Я — ничего не успел ни сообразить, ни приготовиться, да даже и палки не было рядом. Волки прошли спокойно и совершенно беззвучно, нашей обычной хоженой тропой по участку, а стол мой — во впадине, так что прошли они ближе двух метров, на уровне моих плеч, и ничто не мешало любому из них прыгнуть к моему горлу. Бог пронёс? сыты были? (Сосед говорит: в нашей округе не живут, это из Канады идут, вслед за голодными лосями; и по местному радио было.)

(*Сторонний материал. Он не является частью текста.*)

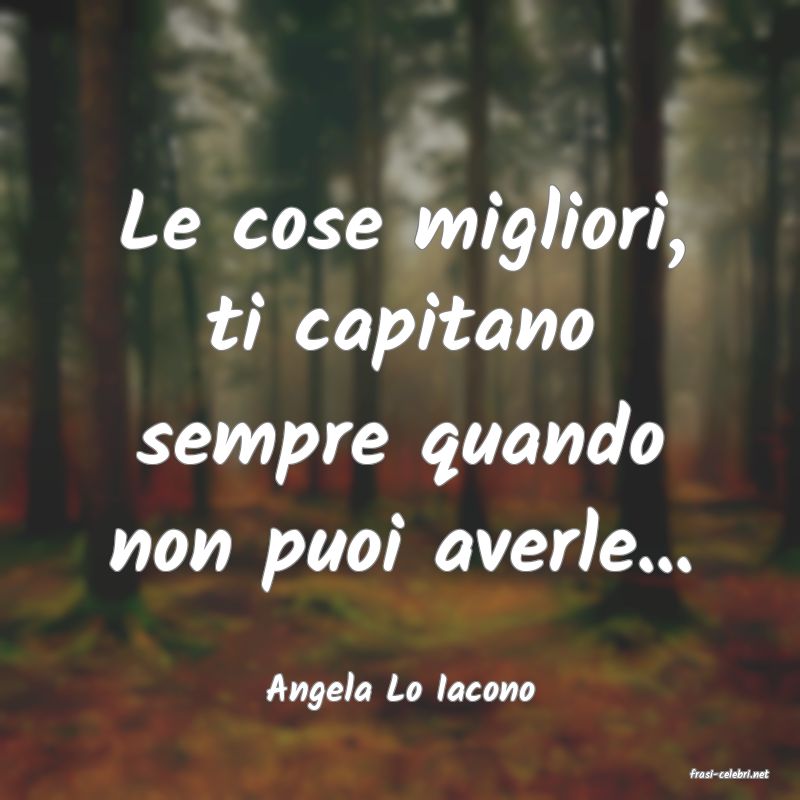 frasi di  Angela Lo Iacono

Сижу и опоминаюсь: вот хорош бы был мой конец (и день в день с провалом архива 11 сентября 1965): съели волки! у себя же на участке за письменным столом. Никто ещё из русских писателей так жалко не кончал. Ликование и хохот врагов. Недописанный «Март», разгрызенная жизнь ещё в полных силах.
А какие опасности проходил!.. Так вот не знаешь, что тебя где ждёт. Не угонешь, где утонешь.